Find the line with "Battery Status - Top Battery Capacities" in the data below. Repeat it and every line after it exactly, but not the pictures.

■ Input data ■
((

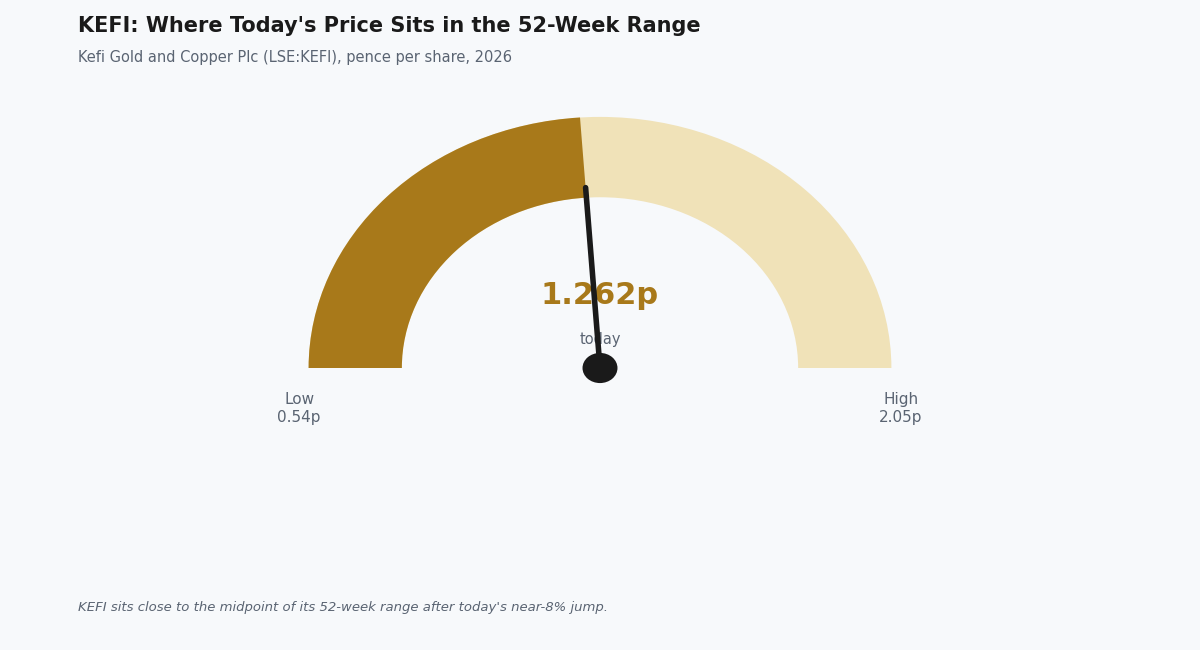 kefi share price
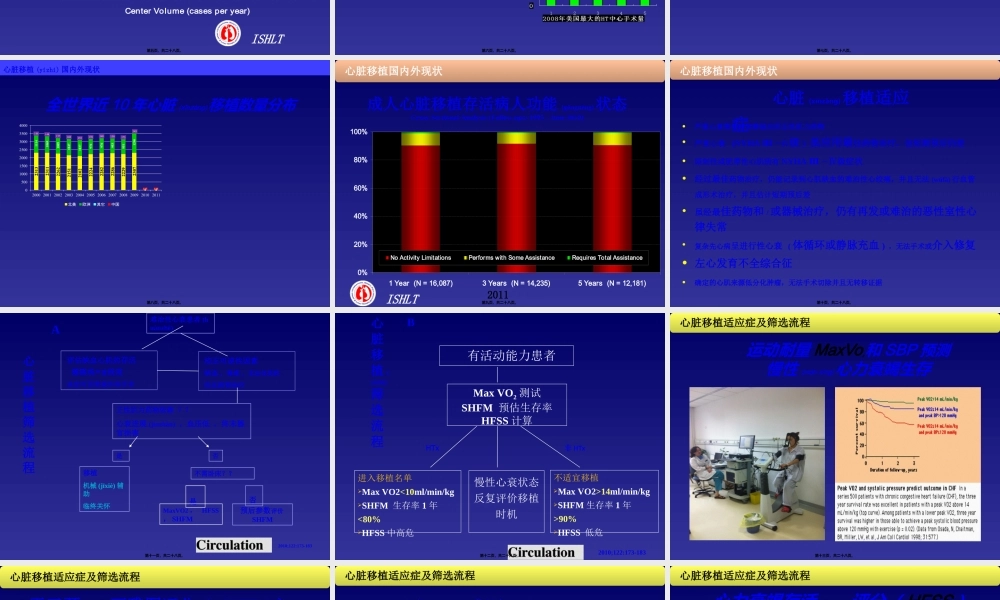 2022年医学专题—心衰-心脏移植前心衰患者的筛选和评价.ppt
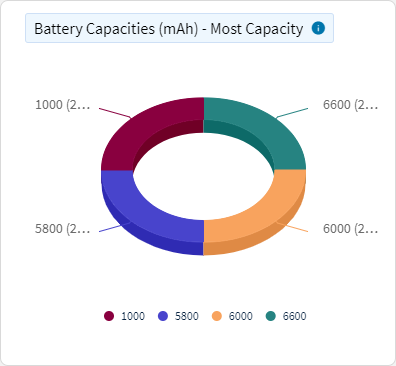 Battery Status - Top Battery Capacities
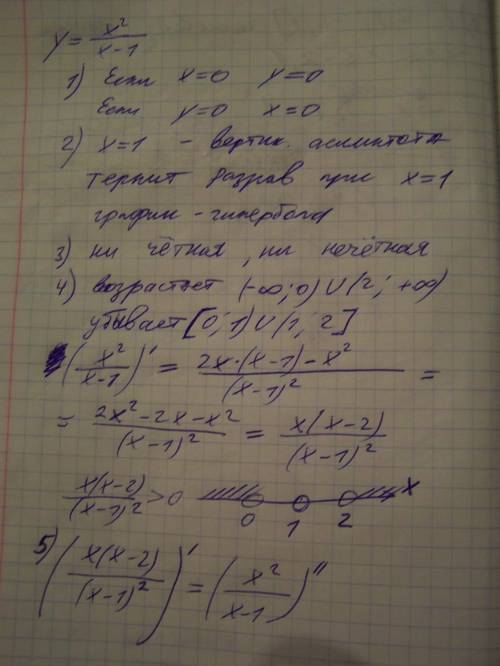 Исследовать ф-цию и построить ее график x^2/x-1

))

■ Completed task ■
 Battery Status - Top Battery Capacities
 Исследовать ф-цию и построить ее график x^2/x-1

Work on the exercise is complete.